Icu wünschte ich hätte jemanden an meiner Seite der sich auskennt und mir wirklich helfen kann . Schritt für Schritt. Aber den gibt es nicht.
Das ist genau die Gefahr... die Abhängigkeit die du dir wünschst.
Was ist mit dir selber?
Du bist diese Person, die dir hilft und die sich wieder aufrappeln muss.
Das Leben wirkt auf den ersten Blick kompliziert, doch das ist es nicht. Doch man muss ein wenig offen sein und die Möglichkeiten, die sich einem bieten auch annehmen können.
In diesem System ist kein Platz für kaputte Menschen wie mich .
Doch, es gibt ihn staatlich, kirchlich und in Form von privaten Initiativen. Doch man muss ihn sehen können.
Es gibt keine Wohnungen für Menschen wie mich .
Doch, nur nicht in Verbindung mit Tieren. Einer Anforderung, der du nunmal gerecht werden musst.
Ich kämpfe nur noch ums überleben aber nicht für mich sondern für ein selbstbestimmtes Leben mit meinen Tieren.
Und das ist ein Fehler. Deine Tiere werden auch anderswo überleben und es gut haben und du auch. Je mehr du dich in diesen irrationalen Gedanken reinsteigerst und deine Tiere als Entschuldigung für Untätigkeit und Misserfolg vorschiebst, wird es kein Vorankommen geben und eventuell für dich UND deine Tiere schlecht ausgehen.

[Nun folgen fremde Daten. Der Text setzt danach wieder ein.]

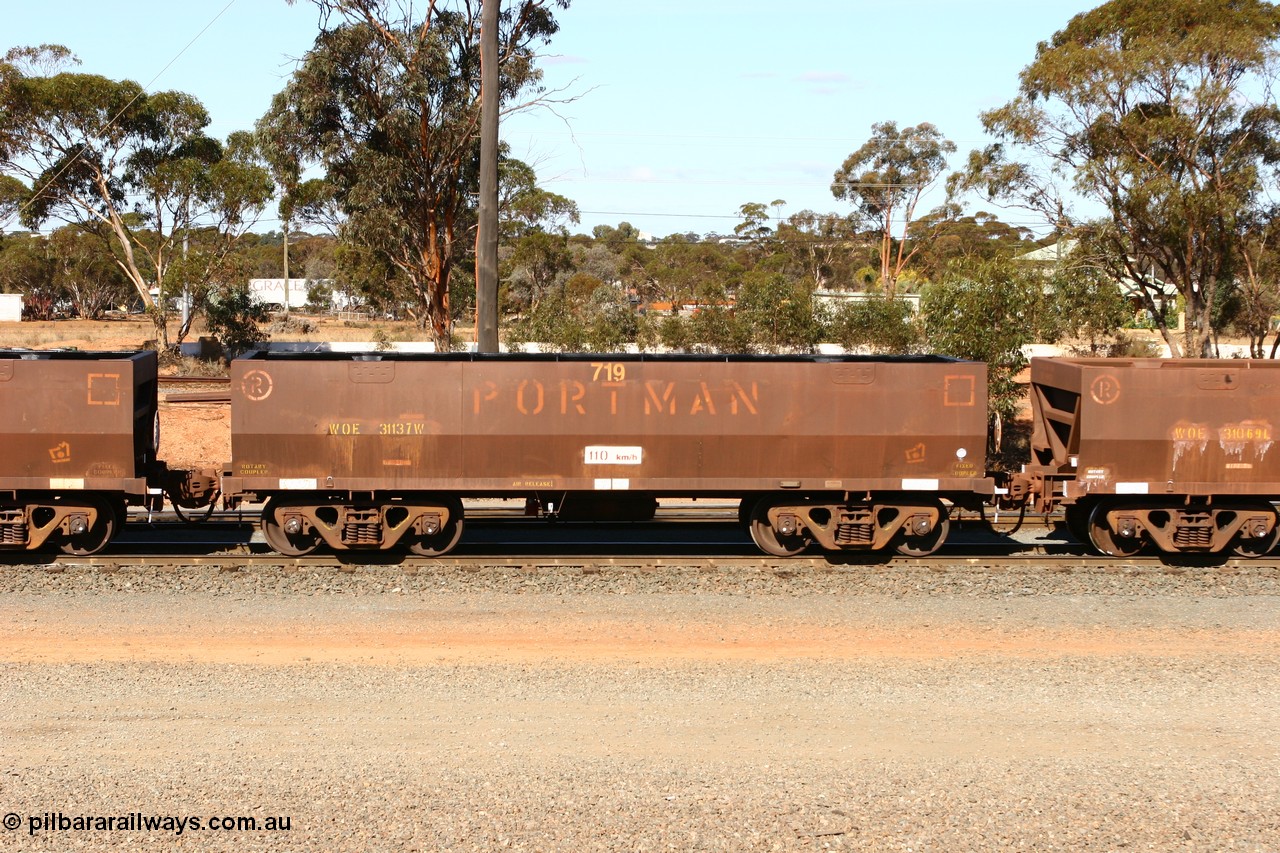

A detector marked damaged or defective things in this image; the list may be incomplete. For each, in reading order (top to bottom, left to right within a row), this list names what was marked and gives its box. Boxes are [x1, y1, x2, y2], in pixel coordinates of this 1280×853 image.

rusty metal surface [0, 345, 158, 491]
rusty metal surface [225, 350, 993, 499]
rusty metal surface [1024, 356, 1280, 494] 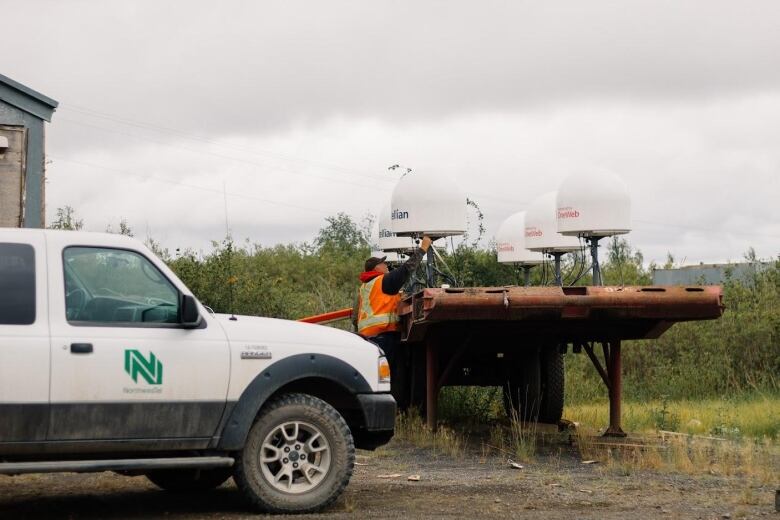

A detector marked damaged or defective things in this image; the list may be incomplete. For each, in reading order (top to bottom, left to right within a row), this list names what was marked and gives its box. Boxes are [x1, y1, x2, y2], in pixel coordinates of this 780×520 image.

Mehr habe ich nicht und werde ich niemals haben .
Diese und deine weiteren Gedanken gehen ganz klar in eine Richtung, die man Selbstsabotage nennt. Ein für mich sehr faszinierendes, weil psychlologisch schwer begreifbares Phänomen.
Man findet es hier oft und es scheint im Menschen eine gewisse Grundveranlagung dazu in bestimmten Situationen zu geben.
Ich war auch schon einige Male damit im meinem Umfeld konfrontiert, wollte sogar mal eine Diskussion hier im Forum darüber starten, was allerdings auch nicht wirklich klappte.
Selbstsabotage, so habe ich mittlerweile gelernt bzw. erfahren, ist wohl eine Art sehr starker Hilferuf, typisch für Personen, die ihr Heil in der Hilfe anderer sehen und sich eine gewisse Hilflosigkeit geradezu antrainiert haben. Man betont die eigene Hilflosigkeit durch eine bewusste Verschlimmerung der eigenen Situation.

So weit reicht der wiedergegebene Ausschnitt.